Updated on March 18, 2016

Chances are

you know someone or you are someone who is anguished by depression. If you are someone with depression, I hope that, as a fellow sufferer, these statements offer you some relief from your sadness. Should you be someone questing for a means of supporting a friend or family member with this condition, you’re on the right path for finding the correct words to say.

Depression is a sensitive matter. We can look at it as someone being unduly sad over a situation and tell them to “cheer up” or “just get over it already.” But depression is not something you can just switch off. To quote HelpGuide.org: "Don’t underestimate the seriousness of depression. Depression drains a person’s energy, optimism, and motivation. Your depressed loved one can’t just 'snap out of it' by sheer force of will."

Depression alters an individual’s reality, distorts their moods, and in the long run, changes their biochemistry. Yet, you don’t have to walk on eggshells around them either. The keys for getting through these trails is to be an active listener, a compassionate speaker, and open minded.

Made with Canva and Krita by the author of this hub (Eri)
Made with Canva and Krita by the author of this hub (Eri) | Source

Here are 4 phrases to tell yourself or someone who's depressed:

1. You might not think it, but you’re strong.

Those who are depressed do not only feel sad emotionally, their body undergoes serious physiological damage. Pain radiates throughout their body. Depression drains their will to go on. They may move slowly, rigidly, as if trapped inside a viscous bubble. By telling a person who’s depressed that they are strong, you are giving them the inspiration to keep moving despite the pain.

2. You inspire me.

When you’re depressed, you feel like you are beneath the dirt in terms of value. You don’t think of yourself as successful or having some kind of societal worth. When a depressed person hears that they’ve inspired someone to do something, no matter how big or small, it readjusts their mind frame. Though the outright response might be one of incredulity, the receiver of this compliment will no doubt feel joy at knowing they were of value to another person.

3. You will overcome this, and I will help you.

Depression is hard fought battle. If you triumph in one battlefield, the next will no doubt come at you infinitely more ferocious than the last. Remind the person of their life when you console them with these words. Remind them of outstanding successes or of the little things that make them smile. Tell them stories that get them to chuckle.

Give them support, but also give them space when you can feel the a wall rising. Sometimes the best way to say you're there for someone is to sit in the silence with them.

Also, never underestimate the power of a gentle touch or embrace.

4. You might think you’re alone, but you’re not.

Tying into Number 3, when an individual suffering from depression is at a low point, they feel quartered off from the rest of the human population. “I’m nothing,” “I’m just bothering them,” “I’m a waste,” and “I’m better off alone/dead” are all presumptions that run through their mind. Simply offering that you are willing to stand in the dark with them, will be there with a candle to guide them home if they need it, is a marvelous beacon of hope.

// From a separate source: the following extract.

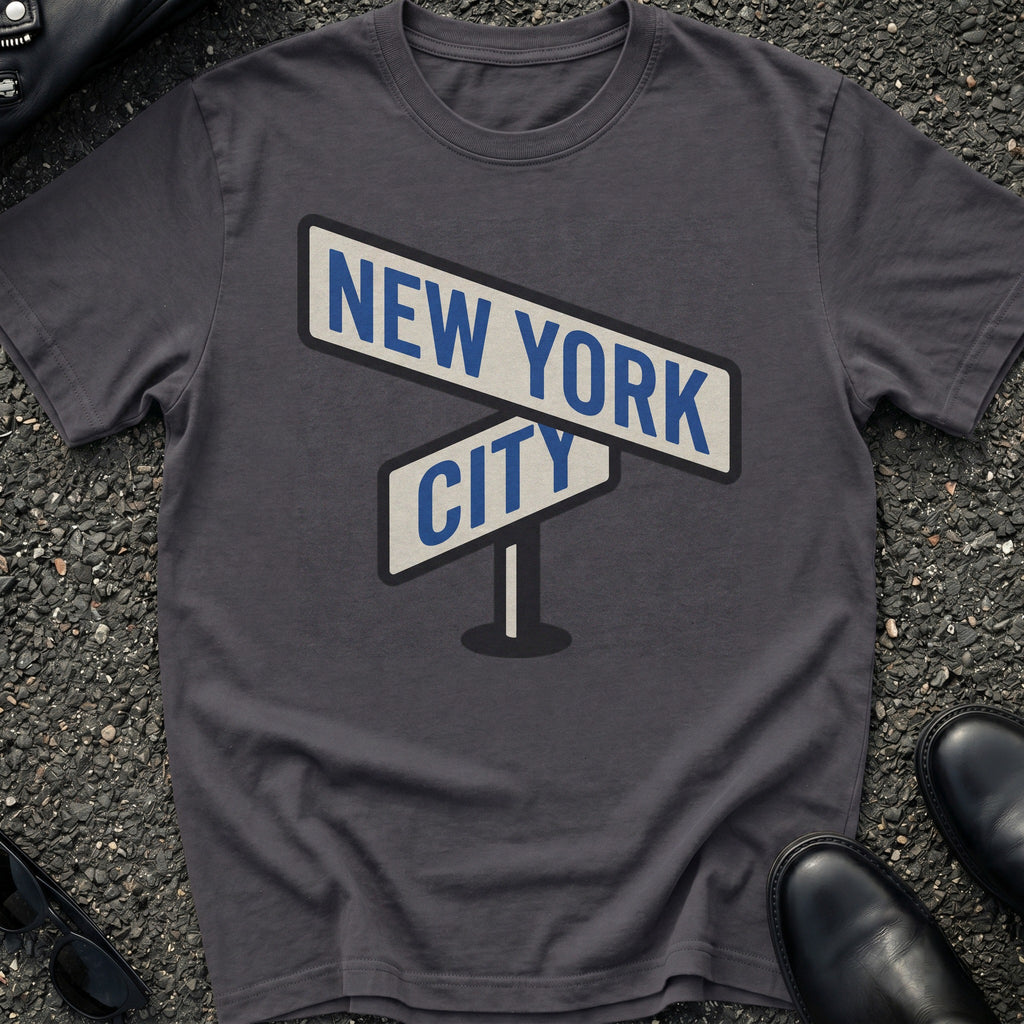 Street Sign Cross T-Shirt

Of course, there is only so much you can do for a depressed family member or friend. Do not overextend yourself in an attempt to repair their mood and ruin yours.

Recovering from depression requires perseverance and persistence. Regardless of your position when handling depression, remember the following:
1. Provide assistance to the individual, but only if they want it.
If you are the person being offered assistance, do give the person at least a moment of their time. Be open minded.

2. Be realistic.
Oftentimes, we find ourselves saddened when what's expected does not go the way we wanted. This inflexibility can create unneeded stress within the caregiver and the receiver. Don't resist the vicissitudes of life. Go with the flow.

3. Accept the gift of encouragement when you are depressed. Stay active and optimistic when giving said support. By expressing your energy and joy to a depressed individual, you are inviting them to feel happiness too.
(The list was adapted from HelpGuide.org - a leading resource on mental health issues)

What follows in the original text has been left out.